French energy managers believe power plant decision should be delayed until EDF and reactor disputes are settled


Senior managers at a major French union have written to the chair of the UK energy select committee calling for EDF’s Hinkley Point C nuclear plant to be postponed.

The Fédération Nationale des Cadres Supérieurs de l’Énergie (FNCS) – translated as the National Federation of Senior Energy Executives – union said a final investment decision on the £18bn nuclear plant in Somerset should be delayed until “better upfront industrial visibility is evidenced”.

In a letter addressed to the chair of the committee, MP Angus MacNeil, the union’s president Norbert Tangy said senior EDF managers remained convinced a final decision should be pushed back until EDF has solved a slew of problems - including a “multibillion” euro litigation.

Managers said litigation between Areva NP – the designer of the European Pressurised Reactor (EPR) to be used at Hinkley – and Finnish engineering, procurement and construction contractor TVO on EDF’s Olkiluoto nuclear plant in Finland “could not be settled through amicable agreement as expected”. They said the “matter remains open” and shows no sign of being resolved soon.
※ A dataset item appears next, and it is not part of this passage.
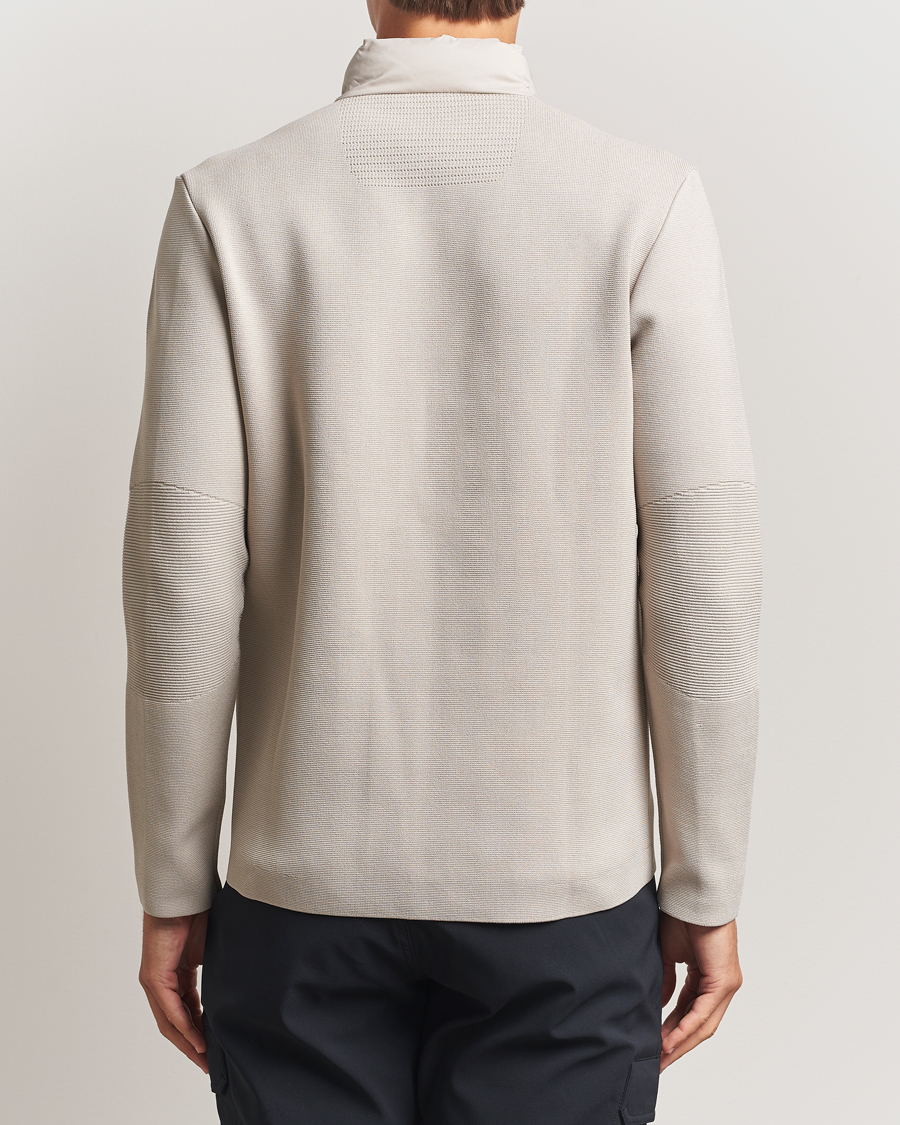 Herren | Jacken | Sail Racing | Element Seamless Hybrid Jacket Sand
Other issues highlighted mainly revolve around the EPR reactor to be used at Hinkley Point C.

In spring 2017, an EPR reactor being built at EDF’s nuclear power plant in Flamanville, in Normandy, France, is up for its final clearance by the French nuclear safety authority ASN. But the executives have warned that the safety authority may not give the go-ahead as they claim the top and bottom of the reactor vessel do not comply with regulations.
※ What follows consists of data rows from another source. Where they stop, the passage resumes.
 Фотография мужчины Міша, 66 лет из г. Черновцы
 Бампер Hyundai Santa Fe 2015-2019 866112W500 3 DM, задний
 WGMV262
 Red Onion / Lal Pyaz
They said there is “no certainty that the EPR technology could be commissioned soon” and claimed a second reactor at the EDF plant in China - Taishan - could be the first EPR reactor in the world to be commissioned. Taishan 2 is expected to be operational in late 2017.

Construction on the new reactor at Flamanville began in 2007 and was expected to be up and running by 2012 - this has now been delayed until the fourth quarter of 2018.

EDF declined to comment but, last month, the firm’s chief executive Vincent de Rivaz told a House of Commons select committee that some French unions were trying to postpone the Hinkley project by up to three years. De Rivaz added: “Our position is that there is no need for a delay because the project is ready. No project has been better prepared than Hinkley Point C.”